Advertisement

Love or Hate Them, These Cows Are Big in Chicago

Share
TIMES STAFF WRITER

It’s pretty much your standard herd of fiberglass cows.

You have your F-22 swept-wing attack cow, on patrol near the city’s Hancock Tower. You have your brazen hussy cow, flouncing through the Magnificent Mile shopping district in a hide-tight pink skirt. And, of course, you have your basic-model brown cow with a bunch of big ol’ holes through it.

“That one has a bunch of . . . ahhh! I get it! Holes! Holy cow! Get it?”

Turning the city into a candy-colored bovine petting zoo, the 300 cows painted and sculpted by local artists are kitschy, craftsy and, at times, blatantly commercial. They are a shrill summertime call to tourists. And the critics hate the whole lot.

But they have this city--burned nearly to the ground, legend has it, when Mrs. O’Leary’s cow kicked over the lantern--entirely enchanted.

Advertisement

Commuters discuss the technical mysteries of the solar-powered glow cow over the din of the el. High school girls from the suburbs check their hair in the head-high rump of the mirror cow, thanking her with a peck on the snout. The entire flow of downtown foot traffic has been altered as pedestrians try to stay out of the way of picture-takers.

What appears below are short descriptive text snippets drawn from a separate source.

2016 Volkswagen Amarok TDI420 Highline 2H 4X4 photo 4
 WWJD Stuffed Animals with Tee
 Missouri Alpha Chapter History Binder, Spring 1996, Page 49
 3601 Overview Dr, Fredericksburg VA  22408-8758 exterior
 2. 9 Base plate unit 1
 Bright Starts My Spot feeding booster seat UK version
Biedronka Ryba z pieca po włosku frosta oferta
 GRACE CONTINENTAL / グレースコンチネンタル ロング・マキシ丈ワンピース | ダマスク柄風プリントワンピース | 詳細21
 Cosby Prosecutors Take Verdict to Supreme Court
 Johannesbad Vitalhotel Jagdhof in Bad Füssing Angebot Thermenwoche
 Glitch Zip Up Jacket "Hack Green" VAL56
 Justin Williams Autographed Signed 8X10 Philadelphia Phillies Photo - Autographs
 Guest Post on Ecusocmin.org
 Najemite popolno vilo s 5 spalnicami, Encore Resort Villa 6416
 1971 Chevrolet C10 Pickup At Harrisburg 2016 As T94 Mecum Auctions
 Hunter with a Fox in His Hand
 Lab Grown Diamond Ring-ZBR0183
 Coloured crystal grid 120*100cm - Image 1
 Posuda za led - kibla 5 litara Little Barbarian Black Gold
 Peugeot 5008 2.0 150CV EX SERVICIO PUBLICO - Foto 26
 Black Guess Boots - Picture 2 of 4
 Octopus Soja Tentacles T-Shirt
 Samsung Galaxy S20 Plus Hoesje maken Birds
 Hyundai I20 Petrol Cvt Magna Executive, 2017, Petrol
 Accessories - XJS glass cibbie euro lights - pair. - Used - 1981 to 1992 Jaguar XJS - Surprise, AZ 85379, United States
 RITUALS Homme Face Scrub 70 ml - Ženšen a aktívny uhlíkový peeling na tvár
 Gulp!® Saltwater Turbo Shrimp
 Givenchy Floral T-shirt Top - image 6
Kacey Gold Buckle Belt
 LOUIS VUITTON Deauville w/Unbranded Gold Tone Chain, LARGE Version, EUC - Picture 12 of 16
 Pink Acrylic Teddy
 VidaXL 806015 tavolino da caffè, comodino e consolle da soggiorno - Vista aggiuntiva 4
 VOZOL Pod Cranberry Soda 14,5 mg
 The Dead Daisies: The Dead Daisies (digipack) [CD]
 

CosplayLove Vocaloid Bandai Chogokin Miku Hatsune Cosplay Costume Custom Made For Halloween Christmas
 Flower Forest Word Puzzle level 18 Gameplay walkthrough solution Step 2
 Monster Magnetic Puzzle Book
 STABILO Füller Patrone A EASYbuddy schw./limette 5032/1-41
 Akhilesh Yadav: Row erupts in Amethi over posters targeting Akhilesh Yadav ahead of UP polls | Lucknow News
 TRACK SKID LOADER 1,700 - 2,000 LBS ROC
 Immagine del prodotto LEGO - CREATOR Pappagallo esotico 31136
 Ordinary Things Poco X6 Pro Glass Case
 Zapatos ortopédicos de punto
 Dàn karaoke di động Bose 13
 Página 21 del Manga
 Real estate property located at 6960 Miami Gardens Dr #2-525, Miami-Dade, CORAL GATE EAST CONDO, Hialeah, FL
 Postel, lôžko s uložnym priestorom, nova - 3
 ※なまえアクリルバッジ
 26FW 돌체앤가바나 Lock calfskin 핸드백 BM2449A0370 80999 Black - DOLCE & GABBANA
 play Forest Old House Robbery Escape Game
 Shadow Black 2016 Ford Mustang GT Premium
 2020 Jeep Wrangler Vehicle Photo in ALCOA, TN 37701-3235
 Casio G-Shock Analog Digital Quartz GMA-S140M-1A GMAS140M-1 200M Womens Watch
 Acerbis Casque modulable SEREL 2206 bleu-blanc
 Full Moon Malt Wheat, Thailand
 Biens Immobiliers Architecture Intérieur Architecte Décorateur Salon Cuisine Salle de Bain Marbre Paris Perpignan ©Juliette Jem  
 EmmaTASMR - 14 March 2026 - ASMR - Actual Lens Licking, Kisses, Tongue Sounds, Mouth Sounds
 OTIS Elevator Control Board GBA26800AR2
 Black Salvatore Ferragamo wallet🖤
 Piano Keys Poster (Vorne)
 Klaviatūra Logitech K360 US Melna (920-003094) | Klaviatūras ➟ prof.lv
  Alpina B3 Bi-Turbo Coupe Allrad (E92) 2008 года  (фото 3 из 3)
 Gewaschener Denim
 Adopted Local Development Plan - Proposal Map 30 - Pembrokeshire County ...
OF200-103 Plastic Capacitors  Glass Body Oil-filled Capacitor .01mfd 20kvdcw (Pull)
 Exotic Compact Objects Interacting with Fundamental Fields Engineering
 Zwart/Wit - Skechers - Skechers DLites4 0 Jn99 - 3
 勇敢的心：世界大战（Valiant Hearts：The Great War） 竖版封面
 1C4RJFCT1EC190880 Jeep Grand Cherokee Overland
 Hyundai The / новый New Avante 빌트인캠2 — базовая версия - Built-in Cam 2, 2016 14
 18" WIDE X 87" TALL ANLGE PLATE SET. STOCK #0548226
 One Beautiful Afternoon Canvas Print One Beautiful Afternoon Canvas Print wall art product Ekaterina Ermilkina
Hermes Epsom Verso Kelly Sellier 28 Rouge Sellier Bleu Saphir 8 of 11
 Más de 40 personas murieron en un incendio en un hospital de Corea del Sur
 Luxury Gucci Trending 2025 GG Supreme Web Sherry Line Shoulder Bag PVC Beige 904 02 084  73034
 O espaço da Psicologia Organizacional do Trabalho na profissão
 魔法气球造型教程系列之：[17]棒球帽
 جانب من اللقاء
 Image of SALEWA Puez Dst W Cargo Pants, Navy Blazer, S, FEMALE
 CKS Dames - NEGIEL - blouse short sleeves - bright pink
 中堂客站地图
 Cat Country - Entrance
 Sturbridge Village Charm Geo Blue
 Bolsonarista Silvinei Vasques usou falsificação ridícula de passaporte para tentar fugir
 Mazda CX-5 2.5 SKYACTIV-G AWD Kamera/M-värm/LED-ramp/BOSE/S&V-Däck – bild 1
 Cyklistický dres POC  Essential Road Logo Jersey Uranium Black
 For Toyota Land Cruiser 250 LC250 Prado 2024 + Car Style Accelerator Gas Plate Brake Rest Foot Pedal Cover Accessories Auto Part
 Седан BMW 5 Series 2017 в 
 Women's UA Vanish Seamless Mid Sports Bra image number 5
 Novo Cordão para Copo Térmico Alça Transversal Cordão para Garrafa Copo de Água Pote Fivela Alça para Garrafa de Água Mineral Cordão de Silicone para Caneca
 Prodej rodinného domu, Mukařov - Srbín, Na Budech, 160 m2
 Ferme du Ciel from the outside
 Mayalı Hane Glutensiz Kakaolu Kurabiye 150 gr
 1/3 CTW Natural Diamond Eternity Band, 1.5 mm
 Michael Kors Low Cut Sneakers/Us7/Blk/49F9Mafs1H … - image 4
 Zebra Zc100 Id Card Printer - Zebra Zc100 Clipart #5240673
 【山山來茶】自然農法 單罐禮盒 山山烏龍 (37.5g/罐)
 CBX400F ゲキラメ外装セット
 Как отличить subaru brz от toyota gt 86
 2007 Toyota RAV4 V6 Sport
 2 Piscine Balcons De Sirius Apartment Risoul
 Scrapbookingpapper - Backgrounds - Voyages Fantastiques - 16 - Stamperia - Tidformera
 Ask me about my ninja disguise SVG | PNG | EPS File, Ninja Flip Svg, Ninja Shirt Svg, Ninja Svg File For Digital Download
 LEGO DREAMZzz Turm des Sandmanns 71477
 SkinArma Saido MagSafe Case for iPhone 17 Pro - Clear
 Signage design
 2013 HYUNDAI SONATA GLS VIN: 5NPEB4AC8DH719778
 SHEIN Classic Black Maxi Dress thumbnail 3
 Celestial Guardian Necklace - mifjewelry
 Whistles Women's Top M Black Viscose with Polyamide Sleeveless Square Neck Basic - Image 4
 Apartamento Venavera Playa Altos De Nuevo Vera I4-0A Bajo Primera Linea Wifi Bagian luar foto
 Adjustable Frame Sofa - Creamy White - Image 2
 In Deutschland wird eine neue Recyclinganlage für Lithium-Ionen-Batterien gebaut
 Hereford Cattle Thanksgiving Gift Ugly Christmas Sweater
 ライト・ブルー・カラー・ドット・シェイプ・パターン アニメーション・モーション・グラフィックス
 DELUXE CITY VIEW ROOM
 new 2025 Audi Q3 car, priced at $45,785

“It’s just a weird phenomenon,” said Chicago’s director of public art, Michael Lash. “Everybody loves these cows. They have turned Chicago into--I hate to say it--a cow town, where people talk to each other, smile at each other. You see strangers . . . standing next to each other, all discussing the aesthetics of a fiberglass cow. It’s unique in its wackiness.”

Both the idea for the display--dubbed “Cows on Parade”--and the raw cows themselves were imported from Zurich, Switzerland, which staged a similar display last summer. A vacationing Chicago businessman saw the Swiss cows and pitched the idea to city officials here as a summertime tourist attraction and municipal nod to public art.

When Mayor Richard M. Daley gave his blessing, the city put in its order to the tiny Swiss factory: 180 standing cows, 90 grazing cows and 30 reclining cows.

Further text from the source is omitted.